A write in a Rindle app is a call to a **named mutator** — and a mutator is written
**once**, then run on **both** tiers. The browser drives it as the optimistic
prediction; the API server drives the *same body* as the authority. Because the two
tiers execute one function, the prediction and the commit can't drift apart — there
is no hand-written SQL twin to keep in sync, and only `(name, args)` ever crosses
the wire.

This page is the deep-dive on that contract. The
[synced-app quickstart](/docs/synced-app-quickstart) walks the surrounding module
(`shared/app-def.ts`) end to end; here is everything the walk-through glosses.

## One body, two drivers

A mutator is a **generator** that `yield`s logical write ops
(`yield tx.insert(...)`) instead of touching a database directly.
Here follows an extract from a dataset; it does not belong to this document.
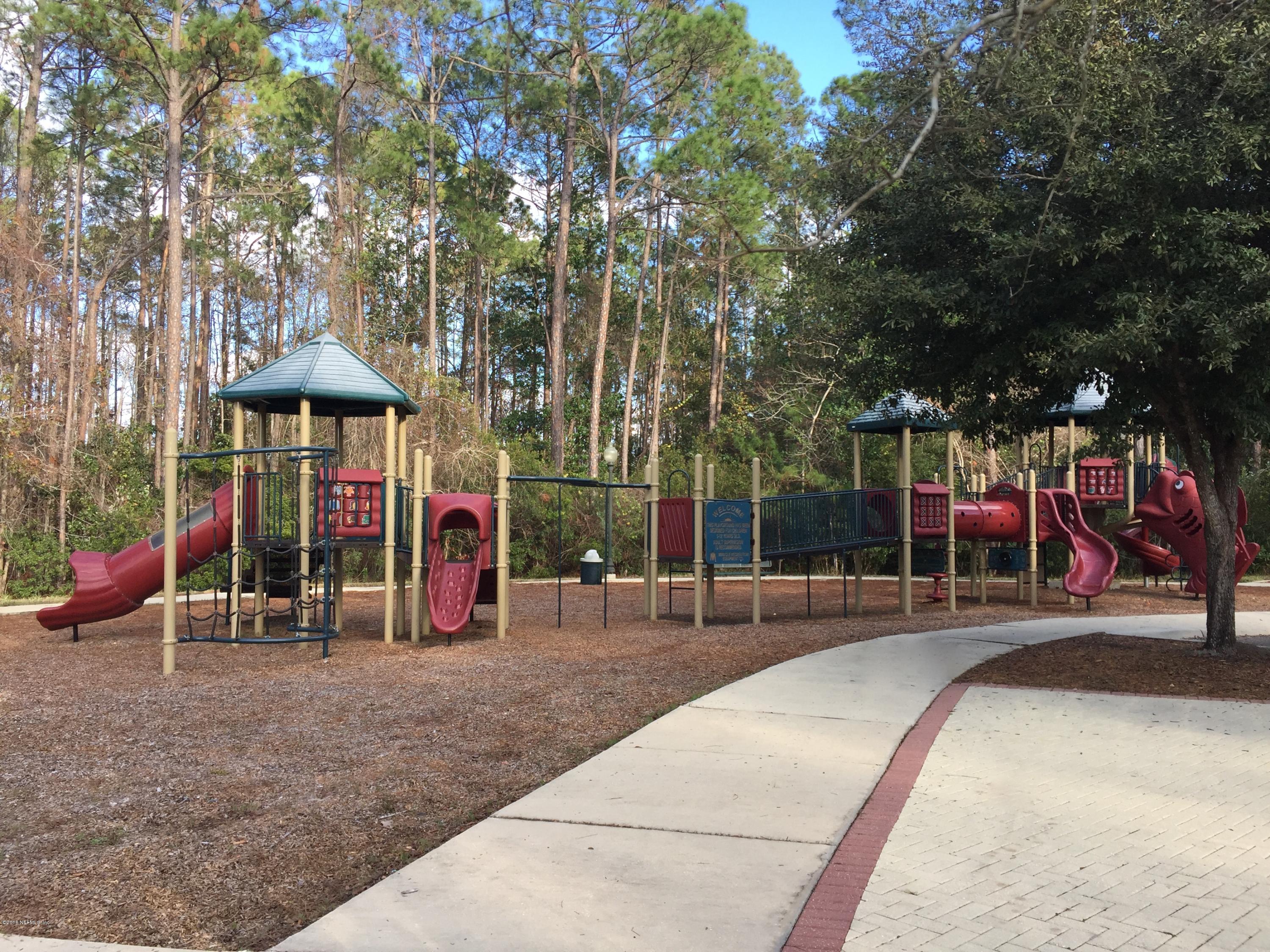 1528 Summerdown Way St. Johns, FL 32259 - Photo 28 of 28 a view of a park with sitting area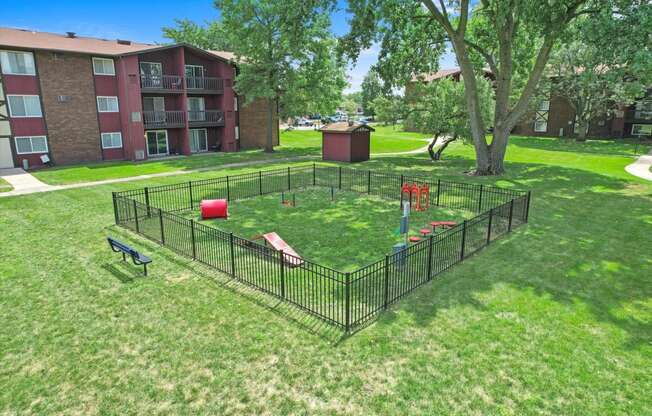 a fenced in dog park in the middle of a yard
A generator is
neither sync nor async — that's the trick. Each tier supplies its own driver:

- The **browser** drives the body **synchronously** against its local wasm engine.
  Every affected view updates before the call returns. The prediction is
  **re-invoked on every rebase**, so the body must be deterministic (rules below).
- The **API server** drives the same body **asynchronously** inside an
  authoritative transaction, rendering each yielded op to dialect SQL. See
  [the API server](/docs/api-server#driving-the-shared-mutators) for the wiring.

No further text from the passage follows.